I have not only battled with this personally but have encountered so many women who do not fully love themselves. So how do we change this? This has been a question I have chewed on for so long. I have an idea and I want you to be a part of it.
What if we spoke positively about ourselves? What if we rejoiced in our differences and took a hold of all that we are- weaknesses and all. What if we were able to receive a compliment and simply say thank you? What if we were able to give a compliment or word of encouragement with genuine excitement and care for another woman?
It’s so wild to me how we view ourselves as women. For some reason it is shameful to speak positively about who we are. Somehow taking pride in the things we love about ourselves has been categorized as arrogant. For so long there has been such a fine line between being confident and conceited. We’re pressured to have confidence, but never share it. No, that would be just wrong to express the beautiful qualities we have.
Say what! The only time this seems to be appropriate in our culture is when we are being interviewed and asked to share three strengths we have. And even then, we hold back. And let’s admit it, it’s awkward. Let’s break that awkwardness and bring positive self-talk outside a shallow meeting.
We have gotten the meaning of being humble and self hate mixed up as well.

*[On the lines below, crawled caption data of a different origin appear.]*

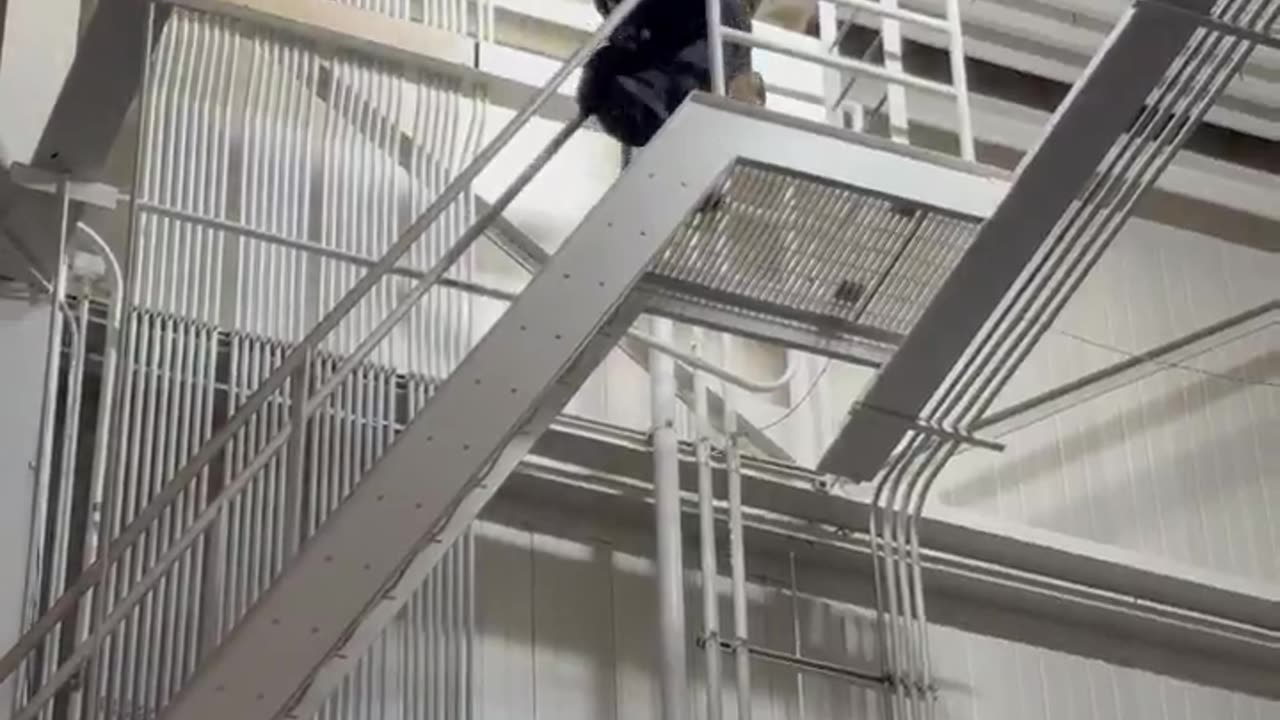 Snipers were seen taking to the roof at President Trump's Michigan rally.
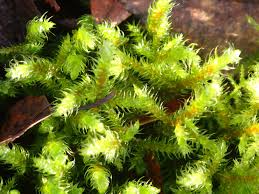 Attēlu rezultāti vaicājumam “Rhytidiadelphus”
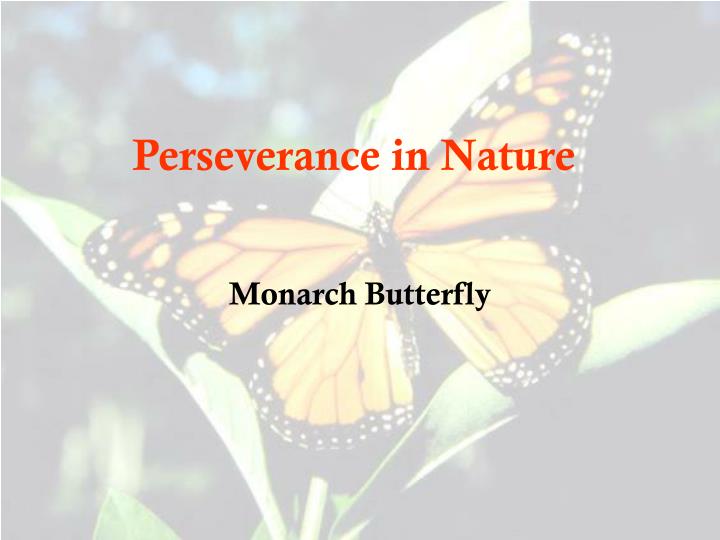 perseverance in nature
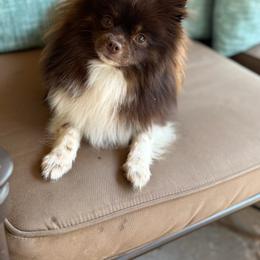 Pomeranian All Grown Up from Picture Perfect Poms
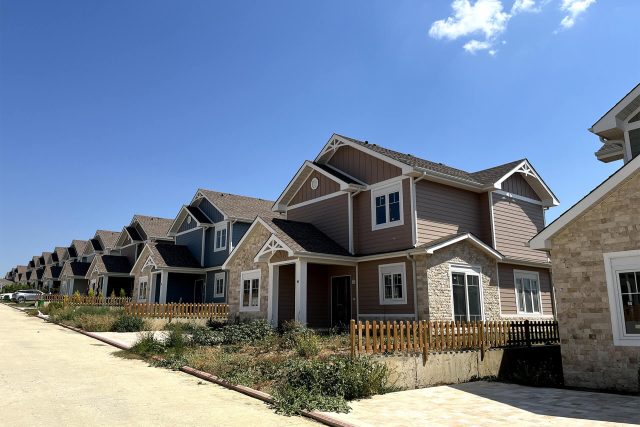 sun_flower_projesi_09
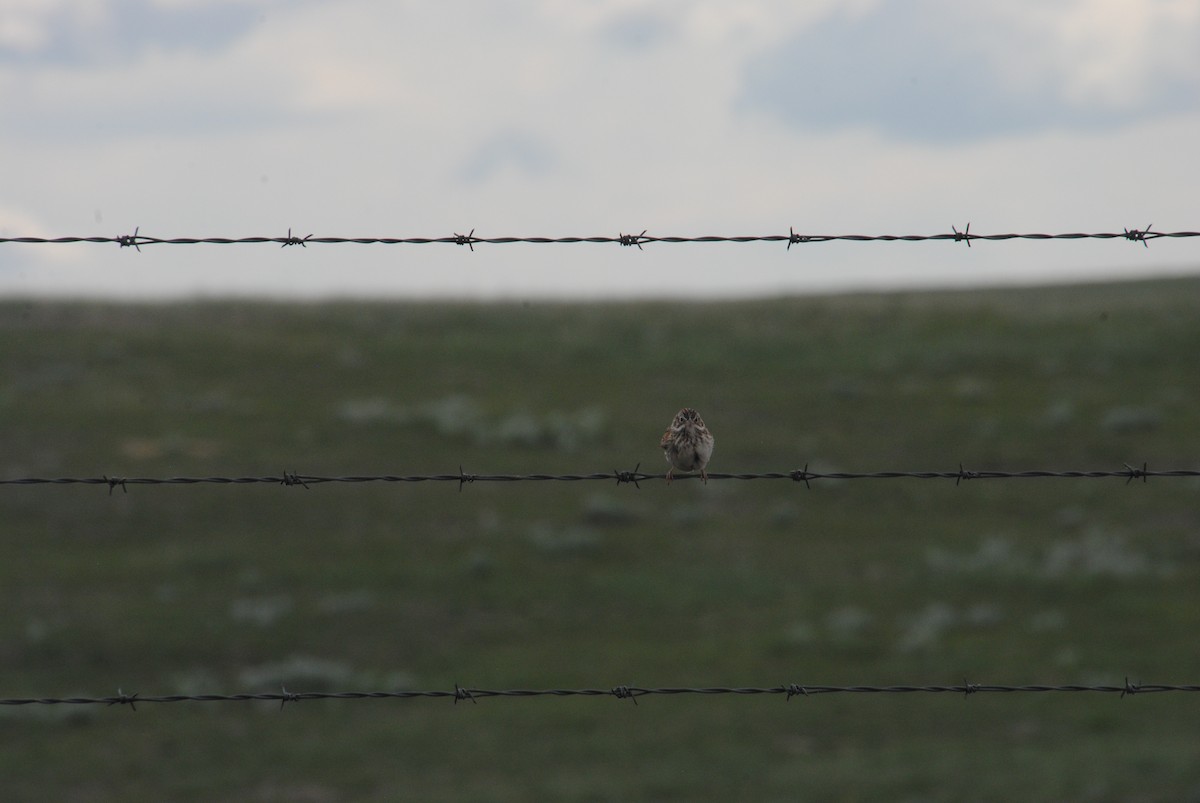 Vesper Sparrow - Alyssa DeRubeis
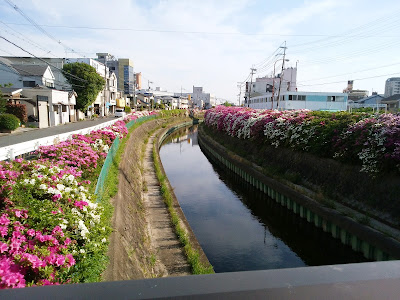 寝屋川沿いのつつじ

I have done this way too many times. I have believed that being humble means finding the things I don’t like about myself, because you know, humble people don’t love themselves too much. But here’s the thing, we can remain humble women, while still expressing the things we enjoy about ourselves. Sounds crazy, right? Being humble doesn’t mean we have to fight against who we are. It means we can love ourselves, relish in the beauty we have, and understand we are not better than anyone else. We are fearfully and wonderfully made. Each of us. We were created to rejoice in how we are made and to love others as they are designed.
Here’s my idea. Let’s capture and thrive in our beautiful qualities. My mission is to capture the women I encounter in my life and find out what makes them lovely.
It’s simple, but I hope it penetrates. My heart would be bursting with joy if you found a genuine love for yourself.
So let’s take some pictures and talk about how great you are. Then, as you build confidence in yourself, share the love with others.
Let’s have a fresh perspective on self-confidence.
Let the lovely initiative take hold.